All of lore.kernel.org
 help / color / mirror / Atom feed
From: Balbir Singh <balbir@linux.vnet.ibm.com>
To: Avi Kivity <avi@redhat.com>
Cc: Dave Hansen <dave@linux.vnet.ibm.com>, kvm <kvm@vger.kernel.org>,
	linux-mm@kvack.org, linux-kernel@vger.kernel.org
Subject: Re: [RFC/T/D][PATCH 2/2] Linux/Guest cooperative unmapped page cache control
Date: Tue, 15 Jun 2010 15:48:55 +0530	[thread overview]
Message-ID: <20100615101855.GC4306@balbir.in.ibm.com> (raw)
In-Reply-To: <4C174B7F.8070504@redhat.com>

* Avi Kivity <avi@redhat.com> [2010-06-15 12:44:31]:

> On 06/15/2010 10:49 AM, Balbir Singh wrote:
> >
> >>All we need is to select the right page to drop.
> >>
> >Do we need to drop to the granularity of the page to drop?
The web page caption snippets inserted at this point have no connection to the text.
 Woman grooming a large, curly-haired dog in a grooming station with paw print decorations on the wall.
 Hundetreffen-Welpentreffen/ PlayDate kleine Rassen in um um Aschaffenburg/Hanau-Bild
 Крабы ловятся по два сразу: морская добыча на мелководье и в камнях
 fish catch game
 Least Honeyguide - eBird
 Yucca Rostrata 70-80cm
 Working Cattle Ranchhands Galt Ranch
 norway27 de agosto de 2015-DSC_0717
I think
> >figuring out the class of pages and making sure that we don't write
> >our own reclaim logic, but work with what we have to identify the
> >class of pages is a good start.
> 
> Well, the class of pages are 'pages that are duplicated on the
> host'.  Unmapped page cache pages are 'pages that might be
> duplicated on the host'.  IMO, that's not close enough.
>

Agreed, but what happens in reality with the code is that it drops
not-so-frequently-used cache (still reusing the reclaim mechanism),
but prioritizing cached memory.
 
> >>How can the host tell if there is duplication?  It may know it has
> >>some pagecache, but it has no idea whether or to what extent guest
> >>pagecache duplicates host pagecache.
> >>
> >Well it is possible in host user space, I for example use memory
> >cgroup and through the stats I have a good idea of how much is duplicated.
> >I am ofcourse making an assumption with my setup of the cached mode,
> >that the data in the guest page cache and page cache in the cgroup
> >will be duplicated to a large extent. I did some trivial experiments
> >like drop the data from the guest and look at the cost of bringing it
> >in and dropping the data from both guest and host and look at the
> >cost. I could see a difference.
> >
> >Unfortunately, I did not save the data, so I'll need to redo the
> >experiment.
> 
> I'm sure we can detect it experimentally, but how do we do it
> programatically at run time (without dropping all the pages).
> Situations change, and I don't think we can infer from a few
> experiments that we'll have a similar amount of sharing.  The cost
> of an incorrect decision is too high IMO (not that I think the
> kernel always chooses the right pages now, but I'd like to avoid
> regressions from the unvirtualized state).
> 
> btw, when running with a disk controller that has a very large
> cache, we might also see duplication between "guest" and host.  So,
> if this is a good idea, it shouldn't be enabled just for
> virtualization, but for any situation where we have a sizeable cache
> behind us.
> 

It depends, once the disk controller has the cache and the pages in
the guest are not-so-frequently-used we can drop them. Please remember
we still use the LRU to identify these pages.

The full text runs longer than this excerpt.